De derde Boeddhistische Raad werd gehouden in 257 v.Chr. Op Patliputra door Asoka onder het voorzitterschap van Moggaliputta Tissa om het schisma in de boeddhistische kerk te elimineren en om het strafbaar te maken. De Raad publiceerde Abhidhamma Pitaka met daarin de filosofische interpretaties van de doctrines van de bestaande twee pitaks die verondersteld werden getrouw te zijn aan de oorspronkelijke leer van Boeddha.

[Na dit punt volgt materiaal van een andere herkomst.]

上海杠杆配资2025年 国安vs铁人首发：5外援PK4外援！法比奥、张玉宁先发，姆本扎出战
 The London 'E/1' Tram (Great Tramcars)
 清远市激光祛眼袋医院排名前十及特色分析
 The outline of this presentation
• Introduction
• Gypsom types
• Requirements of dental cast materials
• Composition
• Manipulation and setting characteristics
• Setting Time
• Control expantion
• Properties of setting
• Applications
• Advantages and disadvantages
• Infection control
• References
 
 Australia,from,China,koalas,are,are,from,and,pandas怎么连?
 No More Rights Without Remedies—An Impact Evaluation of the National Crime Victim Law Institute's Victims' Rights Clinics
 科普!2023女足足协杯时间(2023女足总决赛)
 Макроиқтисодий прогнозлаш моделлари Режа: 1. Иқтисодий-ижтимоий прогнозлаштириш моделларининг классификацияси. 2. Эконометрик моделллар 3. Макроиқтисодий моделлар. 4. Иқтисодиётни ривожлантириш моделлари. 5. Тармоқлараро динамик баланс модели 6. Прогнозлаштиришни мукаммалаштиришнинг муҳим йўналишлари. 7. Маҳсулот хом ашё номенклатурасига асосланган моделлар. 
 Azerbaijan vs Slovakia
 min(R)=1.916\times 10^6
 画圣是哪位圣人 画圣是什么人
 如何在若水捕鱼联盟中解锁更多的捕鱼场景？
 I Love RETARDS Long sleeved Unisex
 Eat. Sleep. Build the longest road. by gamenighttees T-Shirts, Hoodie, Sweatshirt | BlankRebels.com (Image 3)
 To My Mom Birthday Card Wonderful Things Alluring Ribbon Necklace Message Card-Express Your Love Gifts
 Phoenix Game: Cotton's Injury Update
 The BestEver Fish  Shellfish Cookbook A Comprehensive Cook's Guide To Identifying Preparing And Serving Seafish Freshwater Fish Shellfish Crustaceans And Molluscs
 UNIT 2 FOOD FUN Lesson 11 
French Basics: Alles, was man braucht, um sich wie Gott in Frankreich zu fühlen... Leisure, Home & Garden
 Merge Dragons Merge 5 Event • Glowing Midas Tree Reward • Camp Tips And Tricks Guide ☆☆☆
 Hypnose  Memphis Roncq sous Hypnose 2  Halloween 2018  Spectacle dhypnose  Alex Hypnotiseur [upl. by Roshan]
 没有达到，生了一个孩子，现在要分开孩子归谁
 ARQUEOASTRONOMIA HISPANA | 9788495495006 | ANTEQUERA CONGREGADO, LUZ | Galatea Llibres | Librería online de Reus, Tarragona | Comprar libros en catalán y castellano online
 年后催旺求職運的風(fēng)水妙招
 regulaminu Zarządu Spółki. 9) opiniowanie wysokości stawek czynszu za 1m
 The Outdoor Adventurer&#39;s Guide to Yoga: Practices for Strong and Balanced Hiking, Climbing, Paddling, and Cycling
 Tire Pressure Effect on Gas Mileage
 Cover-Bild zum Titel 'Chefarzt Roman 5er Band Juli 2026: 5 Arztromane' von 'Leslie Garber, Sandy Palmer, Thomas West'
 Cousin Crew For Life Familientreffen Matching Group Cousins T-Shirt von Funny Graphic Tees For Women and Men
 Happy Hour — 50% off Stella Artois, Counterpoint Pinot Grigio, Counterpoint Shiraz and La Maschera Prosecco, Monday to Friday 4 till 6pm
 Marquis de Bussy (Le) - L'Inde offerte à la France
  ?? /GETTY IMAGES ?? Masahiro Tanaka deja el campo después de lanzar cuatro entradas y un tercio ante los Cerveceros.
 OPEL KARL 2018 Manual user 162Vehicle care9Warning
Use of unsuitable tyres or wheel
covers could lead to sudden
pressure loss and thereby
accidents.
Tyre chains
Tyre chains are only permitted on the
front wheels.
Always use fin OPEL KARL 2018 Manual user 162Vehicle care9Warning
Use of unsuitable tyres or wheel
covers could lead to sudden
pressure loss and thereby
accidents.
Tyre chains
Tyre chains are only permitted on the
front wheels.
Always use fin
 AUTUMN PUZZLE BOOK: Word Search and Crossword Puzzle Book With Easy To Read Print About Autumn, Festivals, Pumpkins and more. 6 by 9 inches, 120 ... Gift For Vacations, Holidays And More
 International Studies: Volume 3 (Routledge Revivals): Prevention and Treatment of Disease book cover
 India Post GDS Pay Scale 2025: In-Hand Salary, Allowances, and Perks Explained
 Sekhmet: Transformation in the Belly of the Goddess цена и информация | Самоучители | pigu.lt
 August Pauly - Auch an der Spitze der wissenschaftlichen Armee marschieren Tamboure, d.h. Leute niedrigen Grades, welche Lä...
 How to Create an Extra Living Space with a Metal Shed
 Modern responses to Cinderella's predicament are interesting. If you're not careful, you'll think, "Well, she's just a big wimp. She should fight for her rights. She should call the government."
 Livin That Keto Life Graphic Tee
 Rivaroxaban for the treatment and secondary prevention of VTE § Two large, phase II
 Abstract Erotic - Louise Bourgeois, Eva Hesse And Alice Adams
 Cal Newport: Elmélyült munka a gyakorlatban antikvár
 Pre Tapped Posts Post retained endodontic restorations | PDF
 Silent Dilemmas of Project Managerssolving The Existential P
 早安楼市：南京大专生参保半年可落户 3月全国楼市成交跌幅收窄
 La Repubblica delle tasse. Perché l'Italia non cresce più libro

De Kushana-koning Kinaska heeft de Vierde Boeddhistische Raad bijeengeroepen in Kundalvana Vihara in Kasjmir onder leiding van Vasumitra en Asvaghosha. De grote boeddhistische geleerde Parsva verzamelde drie grote commentaren van de drie pitaks. Ze staan ​​bekend als Vibhashas. Mahayanisme, een nieuwe tak van het boeddhisme ontstond onder leiding van Asvaghosha. Dus de vierde Boeddhistische Raad verdeelde de Boeddhisten in twee groepen, namelijk "Hinayana" en "Mahayana".

De Hinayana's houden Boeddha vast als een groot man en geen God en voor hen was Nirvana het ultieme doel van het leven. De Mahayana's aanbeden Boeddha als een God en observeerden een achtvoudig pad zonder belang te hechten aan het bereiken van Nirvana. Dus de boeddhistische raden hielden van tijd tot tijd en vanwege zijn inspanningen werd het boeddhisme gepopulariseerd.